I have a friend from high school who happens to work in publishing and she has become like my publishing whisperer, so I immediately texted her, “What does this mean?” She said it’s a really good thing. It basically means a buyer at Barnes & Noble really liked the book and wanted to feature it on the New Release tables and that was worth waiting an extra week to publish. I had to learn lingo I didn’t know. I had to learn timing – it takes a year from when the editor accepts the book for the book to be released. It’s called the “production period.”

GL: And that takes a full year?

NS: Yes, and for a number of reasons. They’re used to be quarterly lists in publishing, now there are really only two. There’s a fall new release list and another one in the spring. So, there are two waves during the year where marketing and distribution have to ramp up to present their books to all the buyers. So, if you miss one of those waves, you have to go into the second one. Then, there’s also the physical production, which includes copy-editing, typesetting – all of which comes back to me every time for revisions. Then, there’s the cover art and subsidiary sales– we sold Just Fall to those seven other countries before the book was released. There’s a big push on that end – getting ready for the London Book Fair or the Frankfurt Book Fair, which are two of the biggest markets.

There is also the work I do, which is largely promotional and includes everything from speaking engagements, guest teaching gigs (I’m teaching at the Midwest Writers Workshop this summer for example), book reading and signings, organizing “street teams,” (a network of fans who help one promote a book in different parts of the country), written interviews, guest blogs, guesting at book clubs, social media promotion and other promotions like book give-a-aways (for Just Fall for example, we did a contest with Loverly, a wedding planning website since the book is about newlyweds).

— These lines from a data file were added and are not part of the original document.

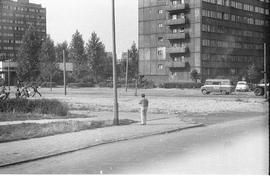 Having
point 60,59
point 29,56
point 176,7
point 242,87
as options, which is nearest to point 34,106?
point 242,87

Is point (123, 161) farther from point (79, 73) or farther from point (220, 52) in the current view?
point (79, 73)

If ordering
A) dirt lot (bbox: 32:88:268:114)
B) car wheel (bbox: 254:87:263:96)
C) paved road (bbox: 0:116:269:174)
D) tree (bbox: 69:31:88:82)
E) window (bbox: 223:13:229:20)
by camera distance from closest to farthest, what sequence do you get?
paved road (bbox: 0:116:269:174)
dirt lot (bbox: 32:88:268:114)
car wheel (bbox: 254:87:263:96)
window (bbox: 223:13:229:20)
tree (bbox: 69:31:88:82)

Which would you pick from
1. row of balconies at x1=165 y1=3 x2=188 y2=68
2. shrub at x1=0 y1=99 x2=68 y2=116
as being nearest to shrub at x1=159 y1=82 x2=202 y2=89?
row of balconies at x1=165 y1=3 x2=188 y2=68

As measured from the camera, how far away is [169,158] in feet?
29.0

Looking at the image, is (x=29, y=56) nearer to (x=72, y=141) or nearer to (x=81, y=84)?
(x=81, y=84)

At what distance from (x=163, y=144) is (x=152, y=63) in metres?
69.5

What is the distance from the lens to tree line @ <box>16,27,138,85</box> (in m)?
70.3

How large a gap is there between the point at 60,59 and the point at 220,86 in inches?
2306

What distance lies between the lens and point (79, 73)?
84.9m

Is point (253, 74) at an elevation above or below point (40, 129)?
above

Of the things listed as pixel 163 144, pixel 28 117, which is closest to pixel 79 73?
pixel 28 117

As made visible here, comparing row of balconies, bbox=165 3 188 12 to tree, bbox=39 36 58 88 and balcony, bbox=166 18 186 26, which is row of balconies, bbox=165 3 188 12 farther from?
tree, bbox=39 36 58 88

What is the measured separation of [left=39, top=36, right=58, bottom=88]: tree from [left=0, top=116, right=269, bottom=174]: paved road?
57796 millimetres

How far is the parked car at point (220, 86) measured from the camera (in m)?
44.7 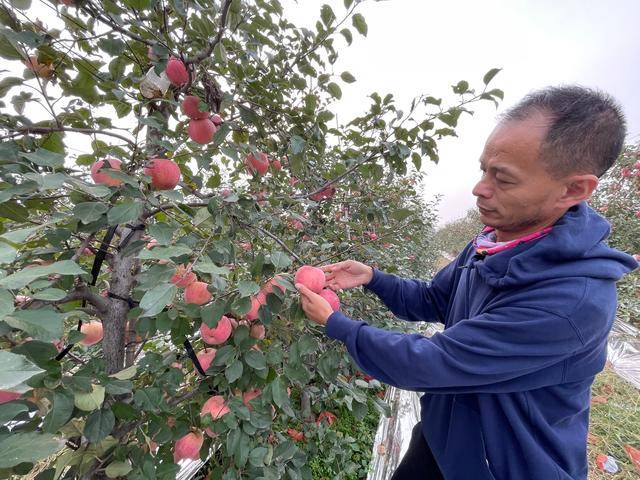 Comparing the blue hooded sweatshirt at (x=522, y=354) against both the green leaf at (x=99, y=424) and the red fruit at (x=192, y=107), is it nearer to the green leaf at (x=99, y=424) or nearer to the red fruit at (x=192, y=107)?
the green leaf at (x=99, y=424)

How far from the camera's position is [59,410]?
472 millimetres

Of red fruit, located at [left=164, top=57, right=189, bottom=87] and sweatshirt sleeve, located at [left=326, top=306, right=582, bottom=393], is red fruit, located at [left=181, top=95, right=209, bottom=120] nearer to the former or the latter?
red fruit, located at [left=164, top=57, right=189, bottom=87]

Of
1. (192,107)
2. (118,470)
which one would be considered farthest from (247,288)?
(192,107)

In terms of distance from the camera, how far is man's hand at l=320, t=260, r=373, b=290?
107 cm

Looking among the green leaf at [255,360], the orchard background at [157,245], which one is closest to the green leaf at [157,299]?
the orchard background at [157,245]

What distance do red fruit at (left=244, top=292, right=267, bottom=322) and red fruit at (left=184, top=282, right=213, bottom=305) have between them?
0.10m

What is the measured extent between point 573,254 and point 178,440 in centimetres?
102

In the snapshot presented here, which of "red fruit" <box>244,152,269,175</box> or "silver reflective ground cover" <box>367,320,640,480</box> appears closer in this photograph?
"red fruit" <box>244,152,269,175</box>

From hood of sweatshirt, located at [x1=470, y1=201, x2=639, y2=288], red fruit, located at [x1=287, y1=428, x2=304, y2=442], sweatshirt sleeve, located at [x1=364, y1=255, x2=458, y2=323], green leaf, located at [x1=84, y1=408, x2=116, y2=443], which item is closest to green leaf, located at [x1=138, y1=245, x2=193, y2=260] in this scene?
green leaf, located at [x1=84, y1=408, x2=116, y2=443]

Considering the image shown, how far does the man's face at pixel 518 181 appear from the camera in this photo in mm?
695

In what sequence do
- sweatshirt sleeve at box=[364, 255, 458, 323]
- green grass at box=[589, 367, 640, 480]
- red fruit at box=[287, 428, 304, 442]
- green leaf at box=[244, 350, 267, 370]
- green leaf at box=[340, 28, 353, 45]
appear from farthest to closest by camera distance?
green grass at box=[589, 367, 640, 480], red fruit at box=[287, 428, 304, 442], sweatshirt sleeve at box=[364, 255, 458, 323], green leaf at box=[340, 28, 353, 45], green leaf at box=[244, 350, 267, 370]

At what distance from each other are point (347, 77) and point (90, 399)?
3.28 feet

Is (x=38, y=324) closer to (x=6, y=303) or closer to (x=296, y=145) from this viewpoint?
(x=6, y=303)

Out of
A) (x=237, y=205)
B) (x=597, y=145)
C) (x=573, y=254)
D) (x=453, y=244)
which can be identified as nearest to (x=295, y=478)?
(x=237, y=205) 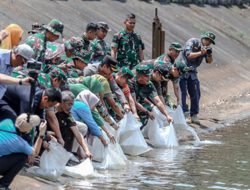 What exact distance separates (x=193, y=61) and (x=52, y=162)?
6888 mm

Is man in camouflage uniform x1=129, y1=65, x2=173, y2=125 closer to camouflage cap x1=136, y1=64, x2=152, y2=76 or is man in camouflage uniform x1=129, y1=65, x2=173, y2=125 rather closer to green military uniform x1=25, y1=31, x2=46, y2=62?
camouflage cap x1=136, y1=64, x2=152, y2=76

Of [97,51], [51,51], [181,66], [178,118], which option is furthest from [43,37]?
[181,66]

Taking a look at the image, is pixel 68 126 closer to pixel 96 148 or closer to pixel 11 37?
pixel 96 148

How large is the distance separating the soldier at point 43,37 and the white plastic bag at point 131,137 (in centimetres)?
169

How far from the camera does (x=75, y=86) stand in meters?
11.2

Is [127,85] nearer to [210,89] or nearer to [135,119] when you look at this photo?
[135,119]

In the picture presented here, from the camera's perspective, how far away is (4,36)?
1097 centimetres

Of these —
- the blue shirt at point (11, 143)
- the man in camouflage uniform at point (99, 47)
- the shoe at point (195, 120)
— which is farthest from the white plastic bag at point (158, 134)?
the blue shirt at point (11, 143)

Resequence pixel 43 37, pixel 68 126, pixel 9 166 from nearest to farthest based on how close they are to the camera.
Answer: pixel 9 166, pixel 68 126, pixel 43 37

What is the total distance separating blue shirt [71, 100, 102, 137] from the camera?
1084 cm

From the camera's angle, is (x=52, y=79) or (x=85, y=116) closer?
(x=52, y=79)

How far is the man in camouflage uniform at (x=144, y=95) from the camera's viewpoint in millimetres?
13453

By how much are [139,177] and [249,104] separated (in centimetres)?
1081

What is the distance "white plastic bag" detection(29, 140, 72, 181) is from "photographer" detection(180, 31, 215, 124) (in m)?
6.54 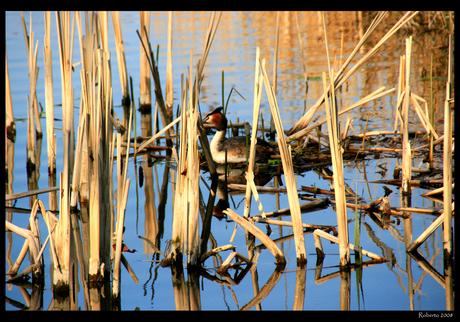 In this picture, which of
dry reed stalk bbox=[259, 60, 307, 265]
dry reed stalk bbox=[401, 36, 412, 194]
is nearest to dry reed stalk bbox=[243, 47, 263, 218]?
dry reed stalk bbox=[259, 60, 307, 265]

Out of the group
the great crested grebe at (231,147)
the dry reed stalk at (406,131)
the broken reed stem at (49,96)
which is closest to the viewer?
the dry reed stalk at (406,131)

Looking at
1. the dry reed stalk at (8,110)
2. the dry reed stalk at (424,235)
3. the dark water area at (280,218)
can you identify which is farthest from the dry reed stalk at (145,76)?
the dry reed stalk at (424,235)

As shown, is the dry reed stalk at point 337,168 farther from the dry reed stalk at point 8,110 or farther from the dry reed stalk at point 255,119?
the dry reed stalk at point 8,110

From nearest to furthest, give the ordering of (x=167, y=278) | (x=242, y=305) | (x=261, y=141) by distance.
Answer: (x=242, y=305) → (x=167, y=278) → (x=261, y=141)

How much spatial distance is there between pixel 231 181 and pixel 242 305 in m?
2.69

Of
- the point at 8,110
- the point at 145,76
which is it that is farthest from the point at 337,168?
the point at 145,76

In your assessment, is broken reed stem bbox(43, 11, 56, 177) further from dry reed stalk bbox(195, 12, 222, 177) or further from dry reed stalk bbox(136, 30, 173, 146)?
dry reed stalk bbox(195, 12, 222, 177)

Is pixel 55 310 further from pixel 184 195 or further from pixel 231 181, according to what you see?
pixel 231 181

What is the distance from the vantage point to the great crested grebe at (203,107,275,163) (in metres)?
5.96

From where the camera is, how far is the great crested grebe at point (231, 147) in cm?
596

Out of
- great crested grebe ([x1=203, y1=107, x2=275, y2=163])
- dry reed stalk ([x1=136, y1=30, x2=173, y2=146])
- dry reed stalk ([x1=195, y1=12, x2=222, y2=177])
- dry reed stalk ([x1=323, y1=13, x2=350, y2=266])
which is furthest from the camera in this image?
great crested grebe ([x1=203, y1=107, x2=275, y2=163])

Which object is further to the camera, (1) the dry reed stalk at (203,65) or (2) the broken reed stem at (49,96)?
(2) the broken reed stem at (49,96)

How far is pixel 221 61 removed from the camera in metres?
11.4

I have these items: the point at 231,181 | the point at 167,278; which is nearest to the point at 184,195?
the point at 167,278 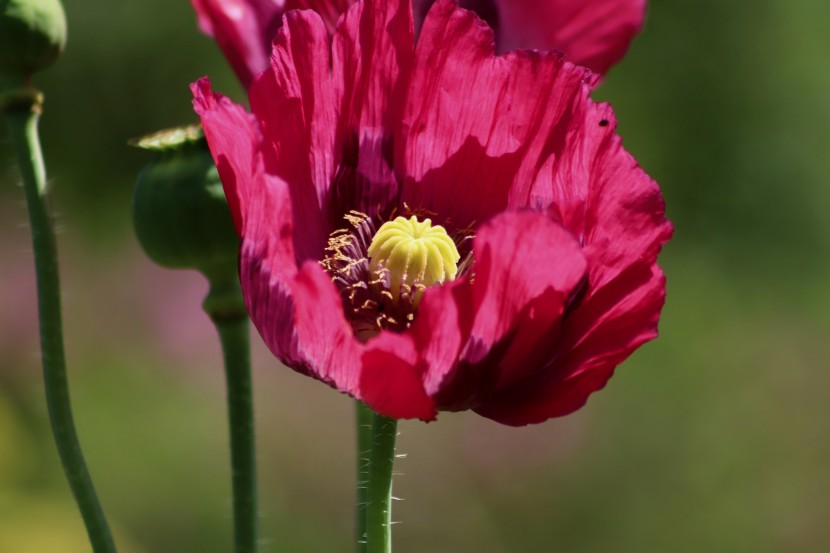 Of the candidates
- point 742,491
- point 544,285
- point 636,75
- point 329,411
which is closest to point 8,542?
point 329,411

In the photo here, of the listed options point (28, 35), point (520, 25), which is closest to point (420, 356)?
point (28, 35)

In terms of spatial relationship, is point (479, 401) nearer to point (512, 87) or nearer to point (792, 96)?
point (512, 87)

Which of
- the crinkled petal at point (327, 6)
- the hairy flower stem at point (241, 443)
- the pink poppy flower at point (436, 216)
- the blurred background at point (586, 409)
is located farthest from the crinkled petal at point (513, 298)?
the blurred background at point (586, 409)

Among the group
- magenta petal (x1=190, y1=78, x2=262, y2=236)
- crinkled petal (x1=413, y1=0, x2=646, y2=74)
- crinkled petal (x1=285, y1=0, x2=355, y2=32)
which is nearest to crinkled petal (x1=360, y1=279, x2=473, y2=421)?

GL: In some ways, it sounds similar to prepping a film for international release.

NS: Yes, there are some parallels, but there are also things that are quite different. I will say, in publishing, the most remarkable difference is that people in publishing do what they say they are going to do. If they say they’ll have a check for you by Thursday, you will have a check on Thursday. You’re not calling your agent six weeks later going, “Would you please get my check?”

GL: What have you learned about your writing now that you’ve gone through this entire process of reinvention, writing a book, and watching the process of getting it published and developed for a series?

NS: I’ve learned an awful lot. For one, I’ve become a much better writer. My editor, while we working on the second book, gave me a really tough note, which has forever changed me and I will always be grateful to her for it. The book is about 450 pages. She edited the first 50 and said, “I think you’re pushing too hard and it’s tipping into melodrama. You’re pitching it too high. You’re afraid that the reader is not going to get it, so you’re hitting it too hard.” So, I edited those first 50 pages according to her line notes and it was fine. But, then I started in on the rest and I got very defensive – “This is my style! If she doesn’t like my style, then forget it!” Then, I was like, “She’s completely wrong! I don’t even know what she’s talking about. I don’t see it!” Insert a couple of days of panic and then I found one place in the text where I saw what she meant. Then I found another place. Then, I realized she was absolutely right and I rewrote the entire book from the beginning. After that, the book sort of rose up out of its bones in a really powerful way. That’s something you learn by just putting yourself out there and doing it, no matter the odds.